Chambers repeated a previous comment he had made in China, that he would love to be Chinese if he were not American. He was also quick to distance himself from any collaboration with the U.S. government to win back business in China.
“We’re not asking help from any government leaders,” he said. Instead Cisco head of sales Chuck Robbins will travel to China every quarter and Chambers himself as well as Rob Lloyd, president of development and sales, will take turns visiting China to help improve relationships. Chambers also said Owen Chang, Cisco’s chief executive of greater China, has the patience needed to help improve the company’s business there.
Cisco’s efforts in China “will be a series of quiet moves,” rather than something that would be quickly noticeable, said Chambers. He said that “the Chinese send messages very subtly. Who sits beside who at a table, who you meet when you go to China, who you don’t meet ... And do you do joint ventures or not, what key market opportunities do you have.”
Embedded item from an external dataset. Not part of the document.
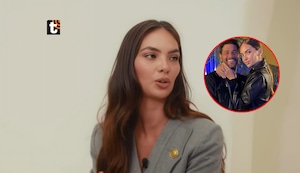 Natalie admite que es un “poco controladora” en su familia con Yaco: “Pensé que no iba a ser ese tipo de mamá”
“It’s a slowly evolving area. Its an area I’m personally very comfortable with,” he said. “I’ve been there 28 years so I know the culture and the leaders.”
Chambers said it would be in the best interests of the United States and China for their companies in technology and other sectors to work together.
“In many ways I think our countries have goals that are more aligned than adversarial,” he said.
However, Cisco has had a bitter rivalry with China’s Huawei for years, starting with a patent-infringement lawsuit brought by Cisco about a decade ago.
Chambers would not say if he thought Cisco’s difficulties in China came in retaliation after the U.S. government effectively banned the sale of Huawei’s equipment here last year.
“I think there is a focus on China national pride and using indigenous innovation and their own technology companies. I think it’s more along that line. Huawei has done a good job marketing over there,” Chambers said.